LEWISTON – Senior citizens would get financial help upgrading their furnaces, according to a plan outlined for city councilors Tuesday.
The city would work with Community Concepts Inc. to perform energy audits for area seniors and help pay for more efficient heating systems, City Administrator James Bennett said. Lower income seniors would get priority help, but the plan is to extend the program to all of the city’s seniors.
“These are people that have worked all of their life, and they haven’t asked for much back,” Bennett said. “You could say to them, ‘Don’t you think you deserve a little help just this one time?'”
Bennett outlined a slate of programs designed to help residents stay warm this winter. It included money for landlords to upgrade their heating systems and a program similar to Auburn Mayor John Jenkins’ Neighbors Keepers.
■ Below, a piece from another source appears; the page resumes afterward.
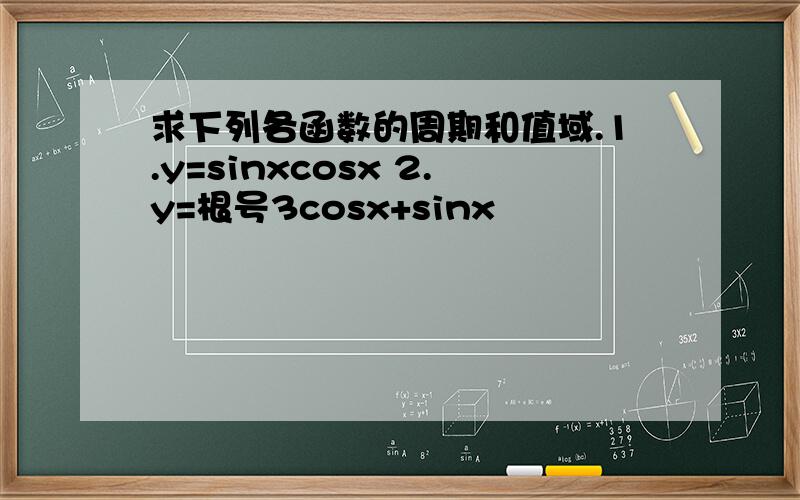 求下列各函数的周期和值域.1.y=sinxcosx 2.y=根号3cosx+sinx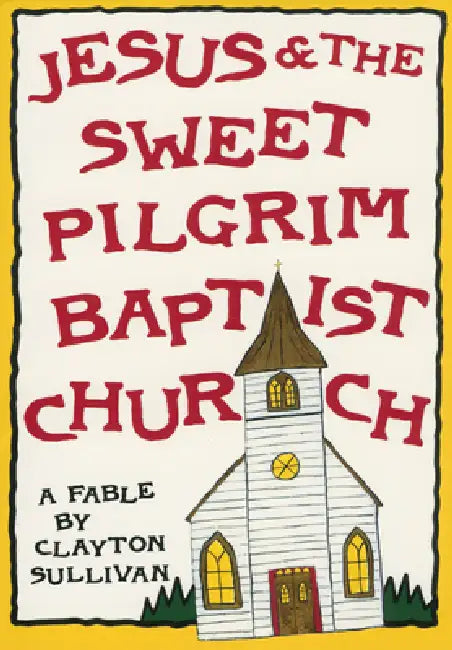 Jesus and the Sweet Pilgrim Baptist Church: A Fable by Clayton Sullivan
Bennett said Lewiston needs neighbors to keep track of each other this winter, but he didn’t think the city itself was prepared to manage the program.
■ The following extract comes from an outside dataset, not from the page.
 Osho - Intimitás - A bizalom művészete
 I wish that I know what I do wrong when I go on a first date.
“I’m asking for community and social groups to really take the lead on this – churches, social groups, Scouts,” Bennett said. “They are the ones that would be best able to address this.”
Mayor Jenkins has proposed a similar program, Neighbors Keepers. It calls for registered volunteers, vetted by the city, to check in on their neighbors throughout the winter.
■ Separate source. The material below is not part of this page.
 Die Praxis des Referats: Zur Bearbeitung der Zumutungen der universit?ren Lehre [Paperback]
Councilors liked Bennett’s proposals, and he said he would work to get the programs back to councilors for a vote as quickly as possible.
“I think we’re a little under the gun here because we got a later start, about 30 or 40 days later than we expected,” Bennett said. “But I think taking that time allowed us to develop some pretty good programs.”
Most of the programs would rely on partnerships with Community Concepts and money from the city’s Community Development Block Grant budget, federal money the city has received since 1974.
In one part of the plan, the city would give landlords loans to fix old or inefficient heating systems. Interest rates would be between 2 and 4 percent, and the city would structure the payments so they wouldn’t exceed the expected energy savings.
The landlord program would rely on $250,000 in revolving loans from the city’s block grant program, and the city’s share of funding for senior citizens would use $225,000 in block grant money redirected from a downtown housing program.
The city would also act as a clearinghouse for single-family homeowners who don’t qualify for other help.